Discover more from Ben Simpson's Faith & Formation Newsletter
Reading texts involves interpretation, or hermeneutics. We first ask, “What does it say?” Then, we move to “What does it mean?” If we consider implications and applications, we might ask, “What difference does it make?” or “How does it work?” or “What should I do?” or “How should I then live?” These questions do not detail the only approach to reading and reading well, but they are steps, and questions, that have proven helpful for me.
Reading is a practice that helps us grow in wisdom. Bible reading, one form of study, is an ancient spiritual discipline. A sound hermeneutic is important for reading texts broadly, and it is vital for reading a sacred text like the Bible. How do you read generally? More importantly, how do you read the Bible?

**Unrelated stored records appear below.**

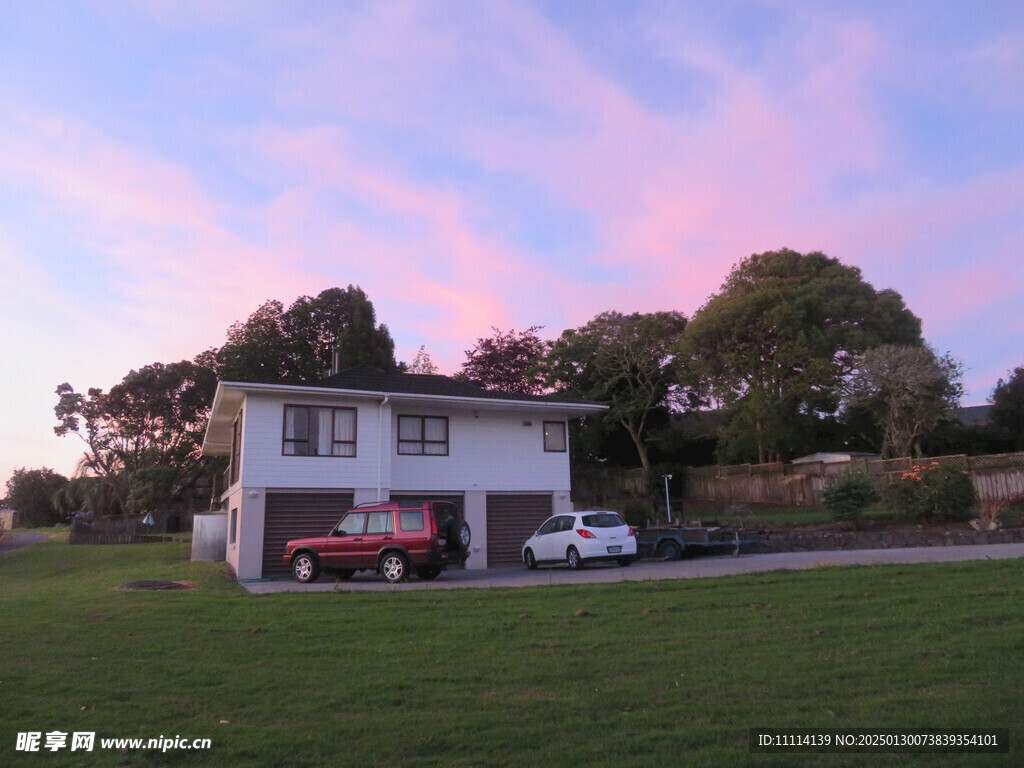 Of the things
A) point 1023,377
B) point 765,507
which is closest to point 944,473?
point 765,507

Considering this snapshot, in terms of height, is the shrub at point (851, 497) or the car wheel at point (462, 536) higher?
→ the shrub at point (851, 497)

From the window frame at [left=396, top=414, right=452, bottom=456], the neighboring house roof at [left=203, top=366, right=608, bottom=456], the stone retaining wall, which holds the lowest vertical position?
the stone retaining wall

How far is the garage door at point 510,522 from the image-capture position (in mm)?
23781

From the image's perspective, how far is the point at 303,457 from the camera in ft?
69.5

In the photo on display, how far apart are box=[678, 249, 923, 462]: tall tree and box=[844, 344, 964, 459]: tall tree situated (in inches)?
65.5

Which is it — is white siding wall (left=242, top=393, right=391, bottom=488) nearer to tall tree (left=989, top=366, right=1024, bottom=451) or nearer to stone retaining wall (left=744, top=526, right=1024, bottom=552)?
stone retaining wall (left=744, top=526, right=1024, bottom=552)

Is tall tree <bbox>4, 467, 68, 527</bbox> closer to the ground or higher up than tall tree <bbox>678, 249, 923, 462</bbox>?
closer to the ground

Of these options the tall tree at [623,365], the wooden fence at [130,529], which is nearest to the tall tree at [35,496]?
the wooden fence at [130,529]

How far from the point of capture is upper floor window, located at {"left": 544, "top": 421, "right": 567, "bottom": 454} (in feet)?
82.0

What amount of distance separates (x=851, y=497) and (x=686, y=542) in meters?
5.78

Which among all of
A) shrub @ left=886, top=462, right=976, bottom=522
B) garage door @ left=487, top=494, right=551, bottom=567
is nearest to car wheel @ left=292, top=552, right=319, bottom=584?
garage door @ left=487, top=494, right=551, bottom=567

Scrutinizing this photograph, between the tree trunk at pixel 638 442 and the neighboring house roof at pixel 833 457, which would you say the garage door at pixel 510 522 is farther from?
the tree trunk at pixel 638 442

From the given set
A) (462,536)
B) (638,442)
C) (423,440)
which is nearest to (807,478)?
(638,442)

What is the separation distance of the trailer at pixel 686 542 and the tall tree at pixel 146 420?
35.6m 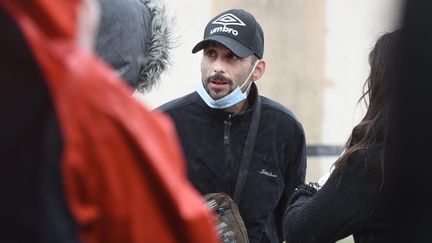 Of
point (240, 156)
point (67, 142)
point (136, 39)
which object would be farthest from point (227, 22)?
point (67, 142)

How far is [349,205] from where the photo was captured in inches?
97.3

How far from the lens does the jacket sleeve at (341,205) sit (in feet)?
8.06

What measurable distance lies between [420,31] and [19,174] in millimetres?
577

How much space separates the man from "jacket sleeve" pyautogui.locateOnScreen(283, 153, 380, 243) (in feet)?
2.84

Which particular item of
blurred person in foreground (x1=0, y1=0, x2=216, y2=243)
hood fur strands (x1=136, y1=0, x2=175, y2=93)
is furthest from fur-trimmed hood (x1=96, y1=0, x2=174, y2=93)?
blurred person in foreground (x1=0, y1=0, x2=216, y2=243)

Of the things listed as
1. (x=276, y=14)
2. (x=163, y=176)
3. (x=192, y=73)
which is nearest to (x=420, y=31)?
(x=163, y=176)

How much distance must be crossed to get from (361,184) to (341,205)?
3.5 inches

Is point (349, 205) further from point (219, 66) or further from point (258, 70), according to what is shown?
point (258, 70)

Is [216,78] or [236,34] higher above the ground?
[236,34]

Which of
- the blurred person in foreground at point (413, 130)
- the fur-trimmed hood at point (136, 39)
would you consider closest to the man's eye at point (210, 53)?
the fur-trimmed hood at point (136, 39)

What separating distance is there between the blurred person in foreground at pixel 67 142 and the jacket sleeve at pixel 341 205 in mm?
1293

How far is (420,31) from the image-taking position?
3.00 ft

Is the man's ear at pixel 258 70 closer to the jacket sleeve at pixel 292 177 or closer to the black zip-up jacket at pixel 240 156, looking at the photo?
the black zip-up jacket at pixel 240 156

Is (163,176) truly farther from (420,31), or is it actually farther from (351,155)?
(351,155) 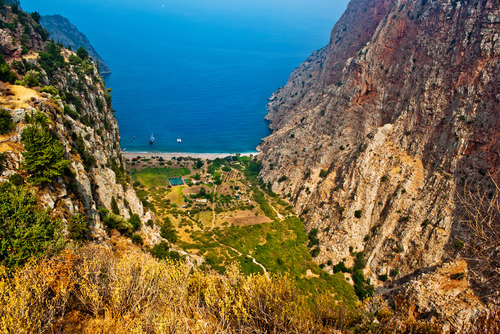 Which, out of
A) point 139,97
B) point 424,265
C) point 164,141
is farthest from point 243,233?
point 139,97

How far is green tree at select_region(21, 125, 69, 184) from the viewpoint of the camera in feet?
84.8

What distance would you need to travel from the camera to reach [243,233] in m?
62.6

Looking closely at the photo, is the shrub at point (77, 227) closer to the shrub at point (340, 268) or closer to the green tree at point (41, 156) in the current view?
the green tree at point (41, 156)

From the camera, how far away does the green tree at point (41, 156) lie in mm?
25844

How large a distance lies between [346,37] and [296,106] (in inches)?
1213

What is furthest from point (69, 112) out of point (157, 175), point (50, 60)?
point (157, 175)

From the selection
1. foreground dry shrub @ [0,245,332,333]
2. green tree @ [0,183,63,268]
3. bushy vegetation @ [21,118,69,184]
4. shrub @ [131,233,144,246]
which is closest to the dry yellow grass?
bushy vegetation @ [21,118,69,184]

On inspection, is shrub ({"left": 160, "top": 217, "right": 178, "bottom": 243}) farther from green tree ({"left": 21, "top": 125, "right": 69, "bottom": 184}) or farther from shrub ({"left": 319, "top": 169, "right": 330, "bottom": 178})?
shrub ({"left": 319, "top": 169, "right": 330, "bottom": 178})

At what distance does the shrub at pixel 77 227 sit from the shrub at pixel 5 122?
37.0 ft

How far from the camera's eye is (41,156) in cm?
2647

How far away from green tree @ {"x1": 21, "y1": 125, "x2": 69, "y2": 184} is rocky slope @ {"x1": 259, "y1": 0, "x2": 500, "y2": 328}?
42.6 metres

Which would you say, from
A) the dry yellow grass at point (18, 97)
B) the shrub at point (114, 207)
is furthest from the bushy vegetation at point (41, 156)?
the shrub at point (114, 207)

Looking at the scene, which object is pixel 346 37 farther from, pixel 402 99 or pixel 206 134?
pixel 206 134

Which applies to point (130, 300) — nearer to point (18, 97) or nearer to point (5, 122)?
point (5, 122)
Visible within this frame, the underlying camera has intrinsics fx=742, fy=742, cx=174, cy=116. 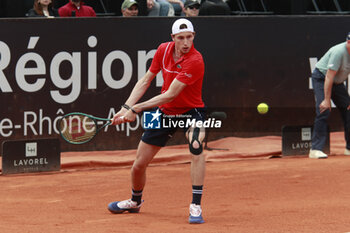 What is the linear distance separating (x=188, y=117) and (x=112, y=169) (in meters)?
3.53

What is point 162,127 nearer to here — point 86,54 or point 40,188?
point 40,188

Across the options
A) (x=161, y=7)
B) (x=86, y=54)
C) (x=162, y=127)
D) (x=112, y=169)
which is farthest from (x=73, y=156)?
(x=162, y=127)

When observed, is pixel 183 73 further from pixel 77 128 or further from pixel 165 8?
pixel 165 8

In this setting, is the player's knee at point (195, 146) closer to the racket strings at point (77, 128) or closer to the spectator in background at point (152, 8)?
the racket strings at point (77, 128)

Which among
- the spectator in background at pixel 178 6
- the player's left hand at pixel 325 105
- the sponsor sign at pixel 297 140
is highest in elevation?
the spectator in background at pixel 178 6

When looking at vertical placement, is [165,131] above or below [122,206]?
above

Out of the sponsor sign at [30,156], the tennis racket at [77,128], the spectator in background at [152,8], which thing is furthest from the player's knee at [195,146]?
the spectator in background at [152,8]

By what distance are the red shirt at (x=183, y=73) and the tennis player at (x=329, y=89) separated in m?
3.74

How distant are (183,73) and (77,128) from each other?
1488 mm

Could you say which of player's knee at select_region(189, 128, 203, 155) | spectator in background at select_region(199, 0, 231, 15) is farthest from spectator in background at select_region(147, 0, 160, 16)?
player's knee at select_region(189, 128, 203, 155)

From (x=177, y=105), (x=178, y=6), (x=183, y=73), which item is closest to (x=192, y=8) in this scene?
(x=178, y=6)

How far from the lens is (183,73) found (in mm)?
6582

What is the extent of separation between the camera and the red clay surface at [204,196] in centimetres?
656

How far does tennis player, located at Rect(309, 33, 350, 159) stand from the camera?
395 inches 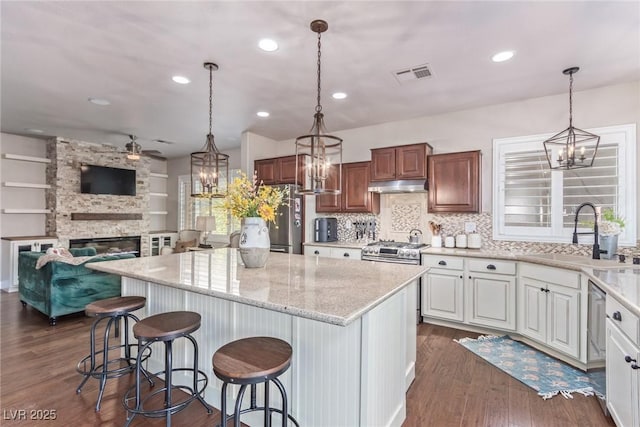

When we read the Bible, most of us have an overarching narrative, a “big-picture story,” a framework for understanding the whole. For example, we may read the Bible as the story of redemption, God’s salvation of humankind. Many read the Bible this way, and I believe it is the story of redemption.
We could also read the Bible as a book of wisdom that contains profound sayings, moral guidance, and instructive examples. I believe the Bible is that, and much more.
Our “big-picture” approach to the Bible shapes our reading of the smaller, constituent parts of the Bible. We read from “big” to “small.” Our “big-picture” should account for as much of the Bible as possible. But we also read “small” to “big.” When done carefully, our localized readings of Scripture should add up. We’re seeking congruence, a framework holding together parts “big” and “small.” It isn’t easy to do. But it can be done.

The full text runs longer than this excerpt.